Exercise prompt
Transcribe the entries below with complete accuracy, excluding the pictures.
── Supplied material ──
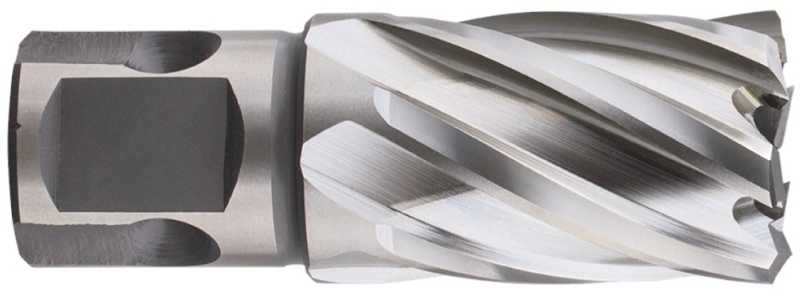 Afbeeldingen van HSS-XE Kernboor SILVER-LINE, universeel 19, ø15x30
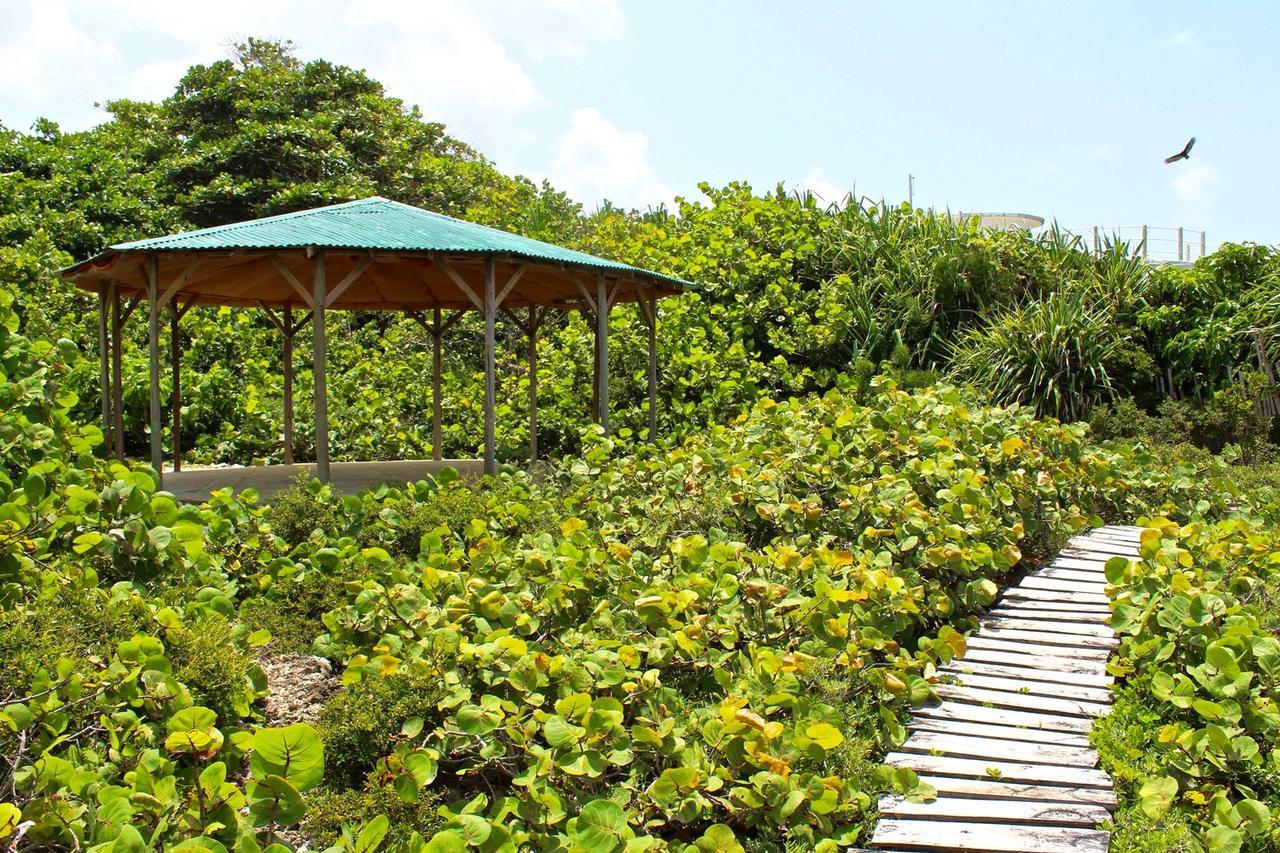 Great Huts Hotel Port Antonio Exterior photo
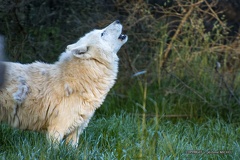 IMG 2777-CR3 DxO DeepPRIME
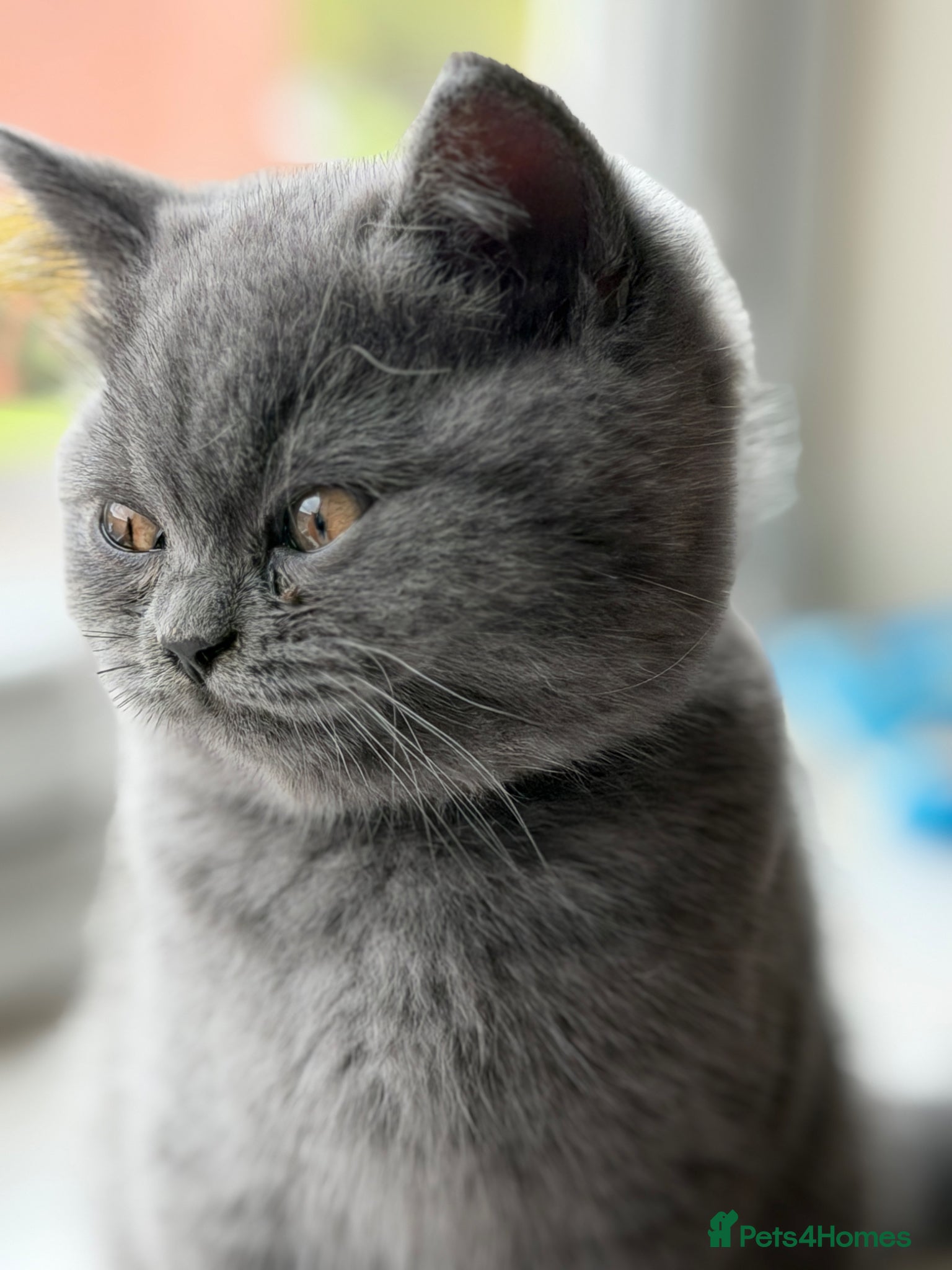 British Shorthair cats Two beautiful British shorthair kittens  - Advert 1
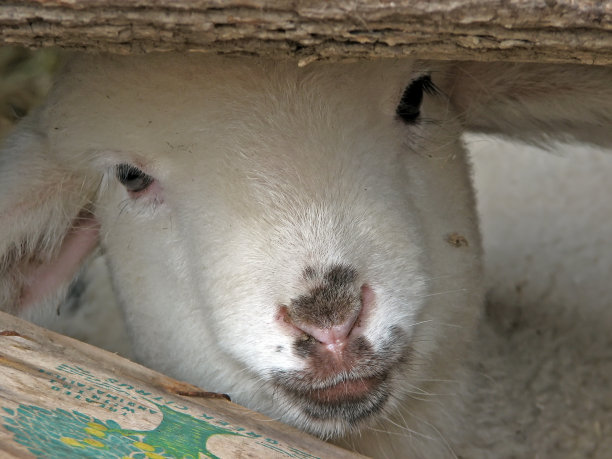 羊肉图片下载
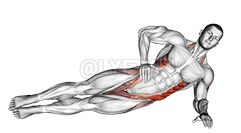 Thumbnail for the video of exercise: Side Bridge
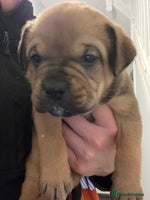 Mixed Breed dogs Chunky Rottweiler x alpha blue bulldog puppies - Advert 2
───
Exercise answer
 Afbeeldingen van HSS-XE Kernboor SILVER-LINE, universeel 19, ø15x30
 Great Huts Hotel Port Antonio Exterior photo
 IMG 2777-CR3 DxO DeepPRIME
 British Shorthair cats Two beautiful British shorthair kittens  - Advert 1
 羊肉图片下载
 Thumbnail for the video of exercise: Side Bridge
 Mixed Breed dogs Chunky Rottweiler x alpha blue bulldog puppies - Advert 2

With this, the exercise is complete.